The Bill of Materials


There are just a few materials needed for the Gold Nugget

  • any curved nymph hook (size 12 works perfectly for this example)
  • clear yellow and dark pearlesent craft glass beads
  • medium brown rabbit fur dubbing
  • a turkey feather
  • golden goose biots
  • a permanent brown craft marker.

Step 1.

TYING TIP How do you prevent the turkey feather fibers from splitting when I attach them to the hook? Easy! coat an entire feather with a thin application of tying cement or preferably Softex. Let dry and just peel away the segments you need!

In our tying example, a #16 curved shank nymph hook, de-barbed, is used. Place the pearlesent glass craft bead on the hookshank and place in the vise. Tie on a prepared turkey feather strip to the 1/3 point on the hookshank. Prepare a dubbing loop with plenty of rabbit hair dubbing.

Step 2.

TYING TIP Don't be afraid to use too much dubbing here. Too much won't hurt you. Wrap it all on!

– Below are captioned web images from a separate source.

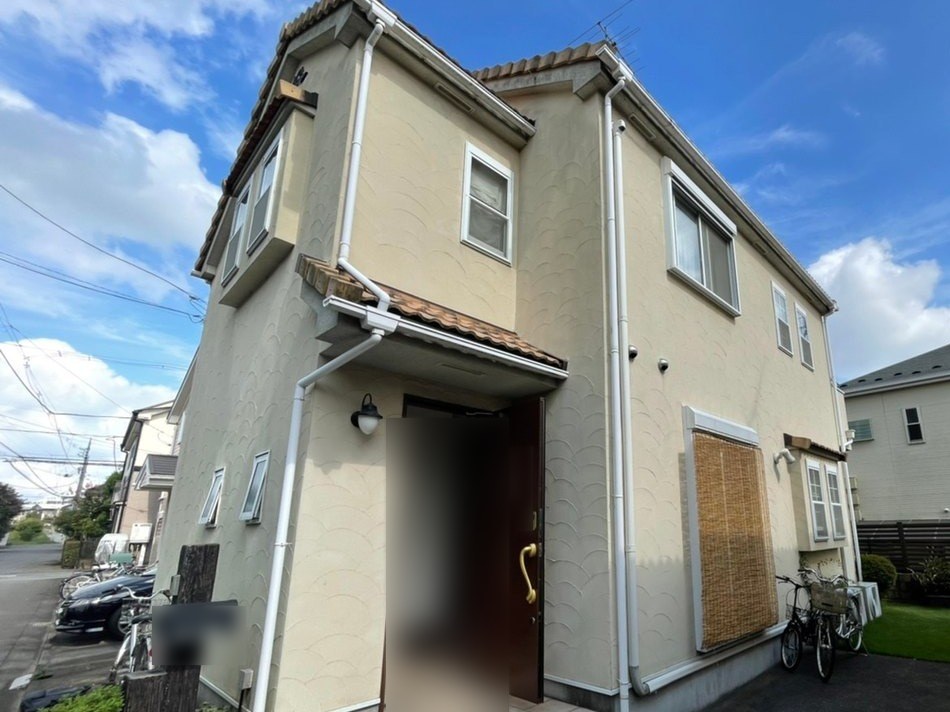施工前の玄関側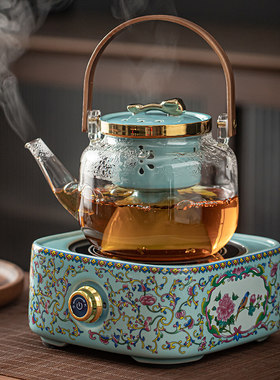 花茶煮茶壶煮茶i器新款加厚玻璃耐高温烧水泡茶普洱茶电陶炉煮茶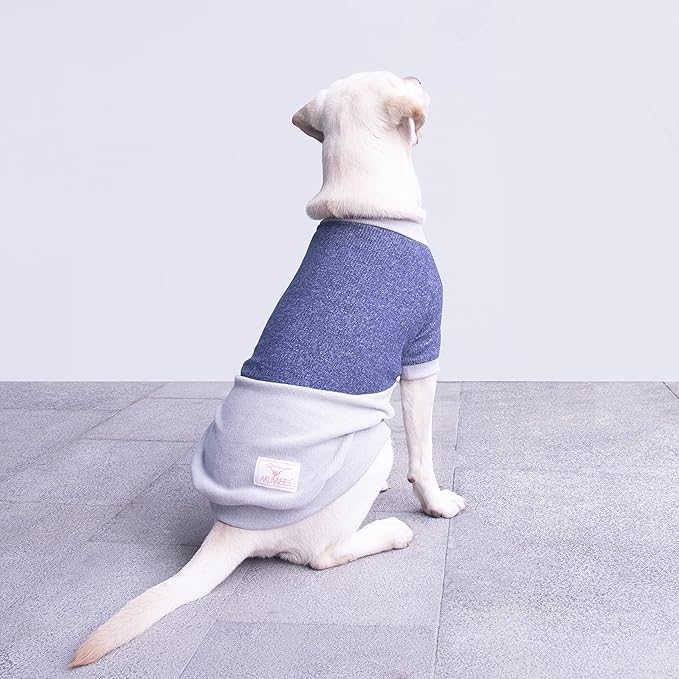 Extra Large Dog Sweaters Warm Clothes Pullover Sweatshirts for Labrador Rottweiler Great Dane, Blue Grey, 9X-Large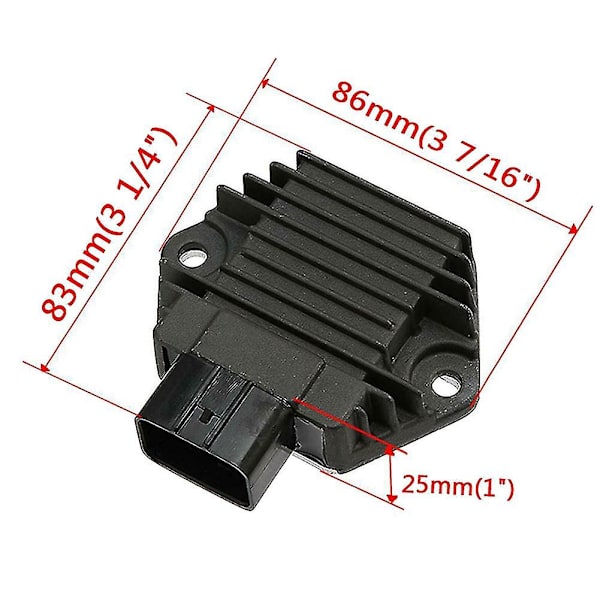 Spenningsregulator og likeretter for TRX450S/ES Foreman 1998-2001 / TRX350 2000-2006 / VT750 2004-2009
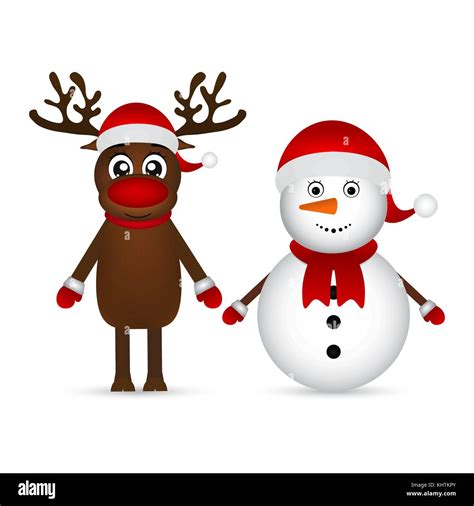 Snowman clipart Cut Out Stock Images & Pictures - Alamy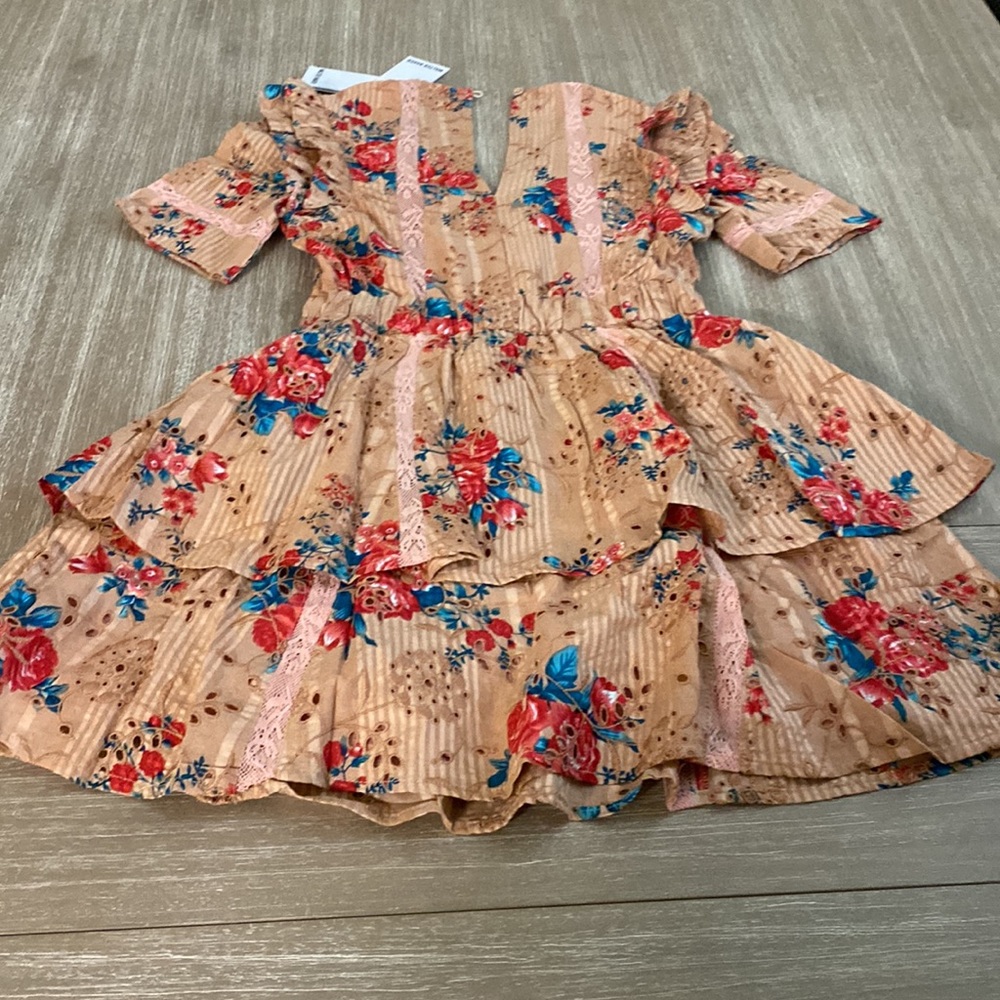 Beautiful Walter Baker Ivette Dress in Botanical Eyelet - Picture 8 of 15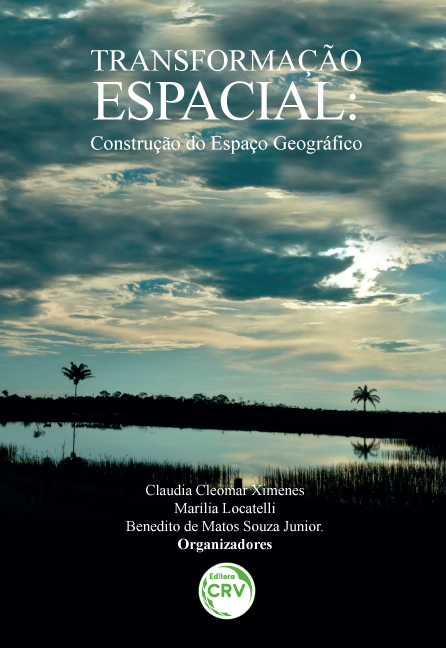 Capa do livro: TRANSFORMAÇÃO ESPACIAL:<br> construção do espaço geográfico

Using hare's ear or hare's mask dubbing, dub a rather thick abdomen section, ensuring the guard hair fibers are sticking out, looking downright ugly. Brush the fibers with a toothbrush or dubbing teaser to get all the fibers outward.

Step 3.

TYING TIP Crowd the beadhead with dubbing so the turkey tail top has a more wide-diameter place to rest once it is tied in. This will widen the top of the carapice the turkey tail is representing.

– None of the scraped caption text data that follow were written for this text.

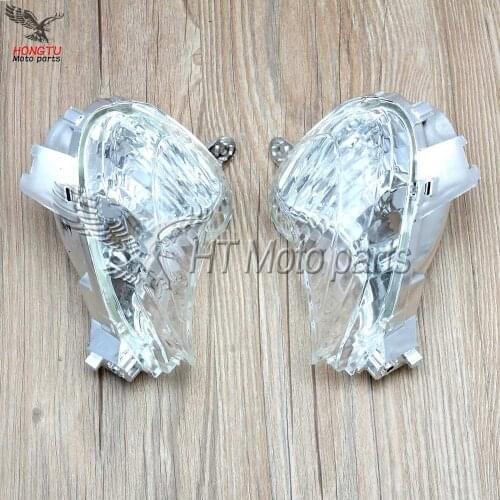 No bulb White Smoke cover Motorcycle Rear turn signal light Lamp shell For Suzuki Hayabusa GSXR1300 GSX1300R 2008 2009 2010 2011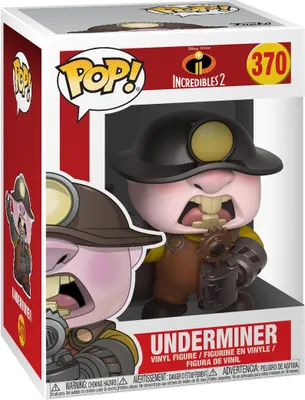 Produktbild von Die Unglaublichen 2 - Underminer 370 - Funko Pop! - Vinyl Figur
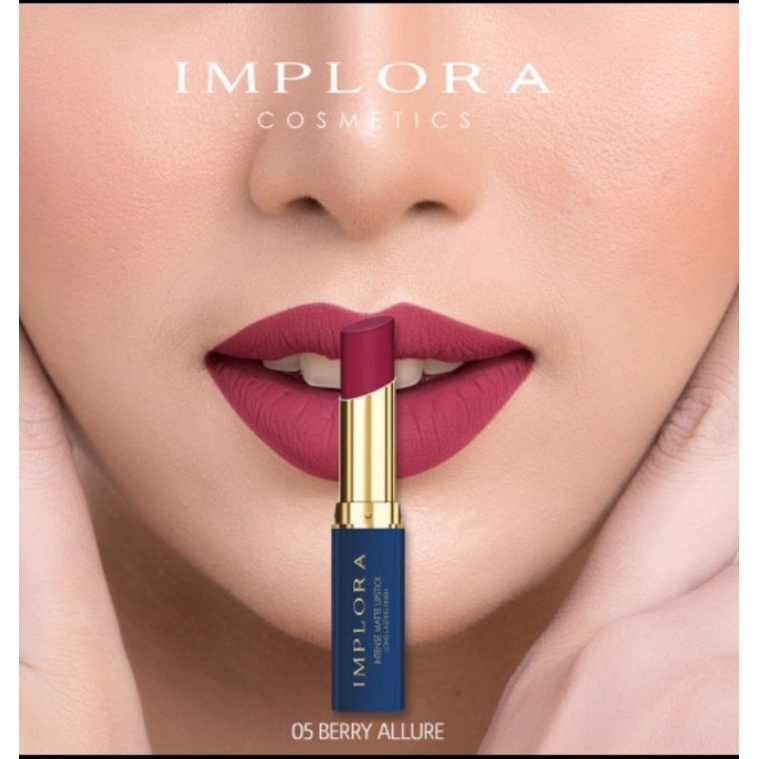 ❤ SHASYA ❤ IMPLORA (✔️BPOM) INTANSE MATTE LIPSTICK BEST SELLER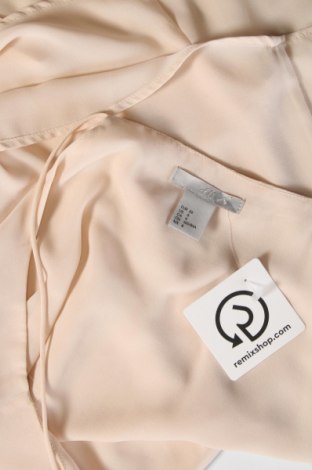 Γυναικείο αμάνικο μπλουζάκι H&M, Μέγεθος S, Χρώμα  Μπέζ, Τιμή 3,36 €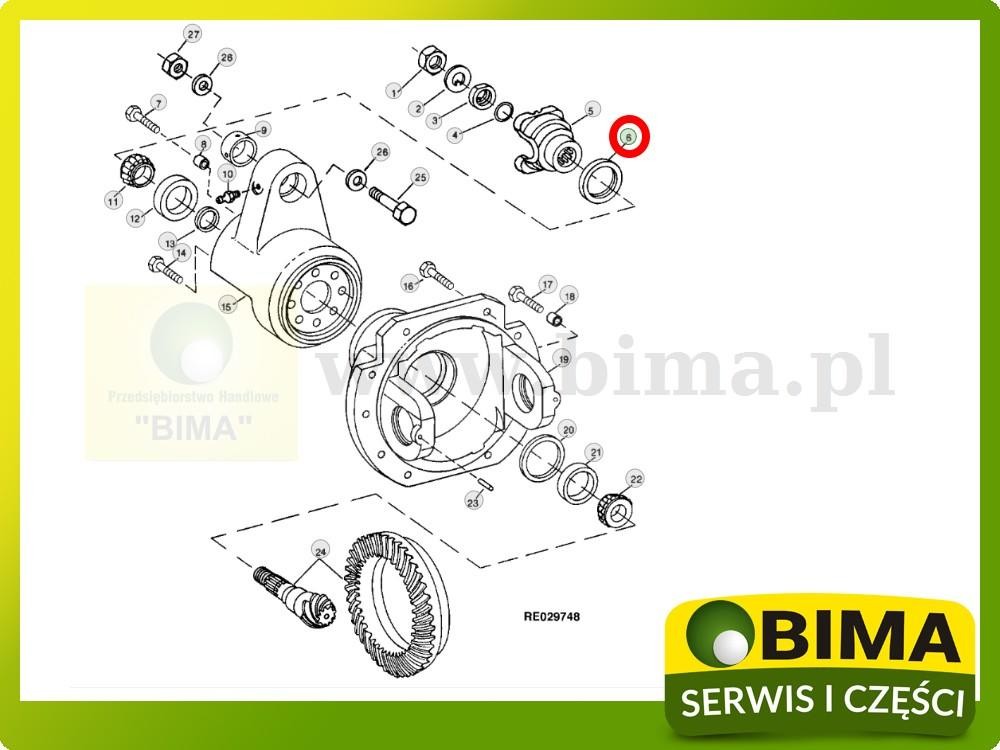Uszczelniacz John Deere 4055,4250,4255,4450,4455,4560 — zdjęcie 2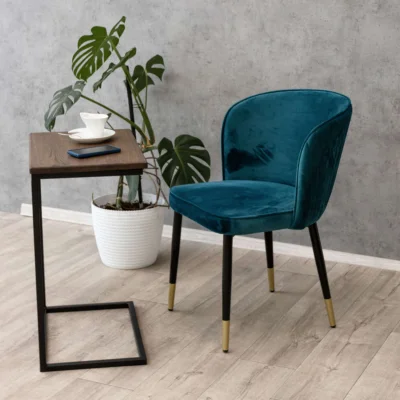 Стол журнальный HAWK DD, дуб мореный/черный_2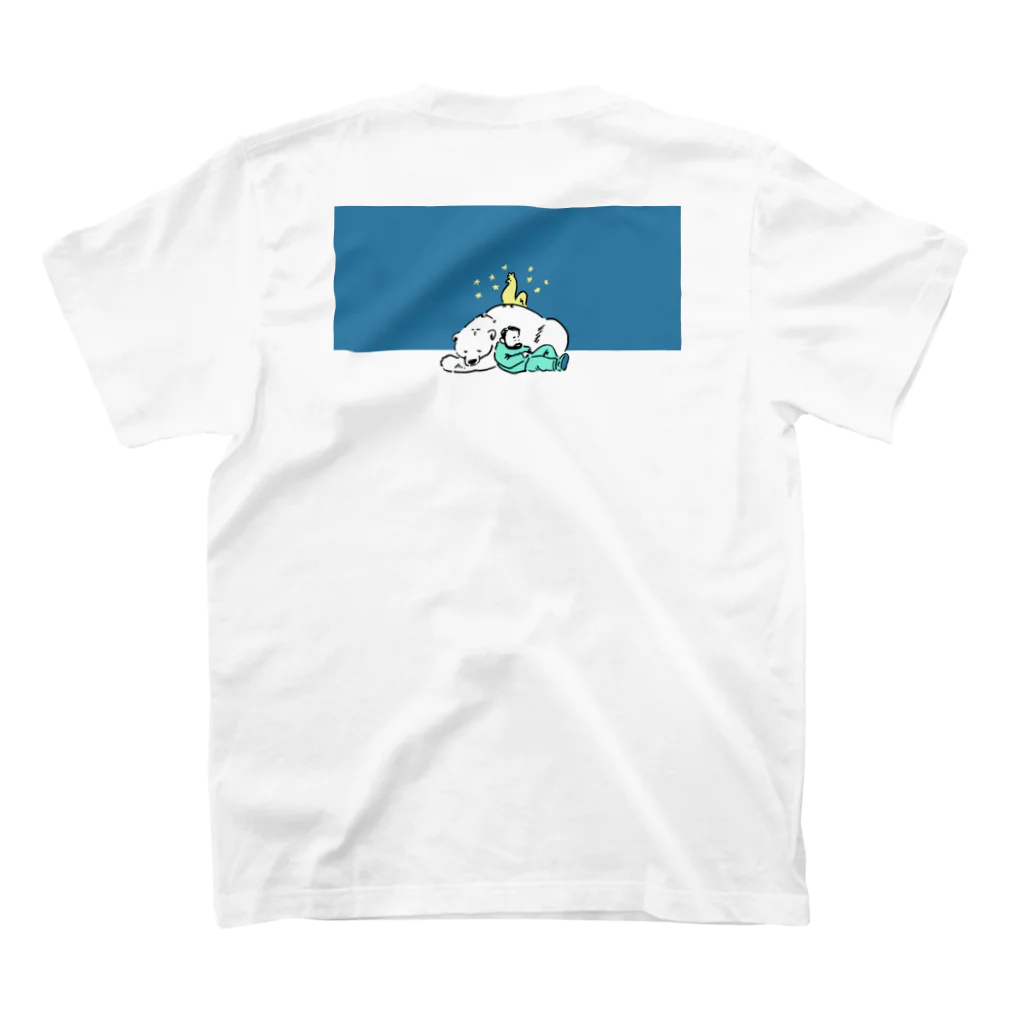 2/5 KENRO のSLEEP ALASKA スタンダードTシャツの裏面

Bring the turkey tail over the top and tie off at the beadhead. Whip finish and remove the fly from the vise.

Step 4.

TYING TIP De-barb the hook to get the beads on more easily.

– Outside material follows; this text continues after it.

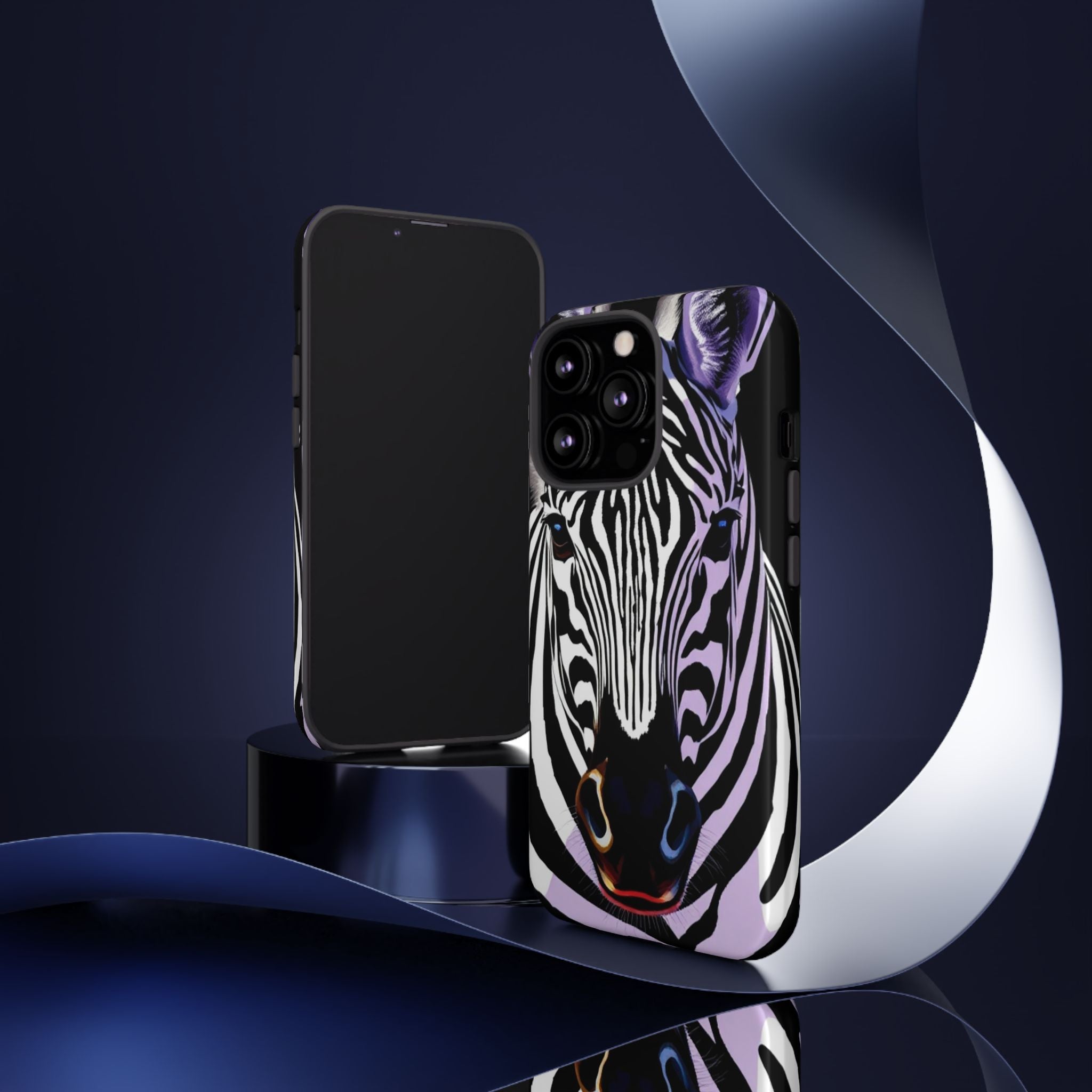 Android OR iPhone Compatible Cases - Zebra Design - Unique Tough Cases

Place 4 clear yellow glass craft beads on the hook shank and hold them in place with a "wedge" of dubbing...just enough to hold them in.

Step 5.

TYING TIP To make tying biots on more easy, build up a tapered butt section with dubbing.

Tie in two golden goose biots at the edge of the last bead. Prepare a fine bit of dubbing (as shown in the picture) to wrap over the biots and hold everything in place. Tie off and place a drop of thin tying cement at the tail and at the head.

Final Step

TYING TIP It doesn't hurt to color the turkey tail topping to darken it up a little bit.

Golden stones are lighter in color on the bottom than they are on top. By using a permanent brown craft marker, color the top of the beads to imitate the natural more closely. You're done!


A finished Gold Nugget ready to fool a Western river trout.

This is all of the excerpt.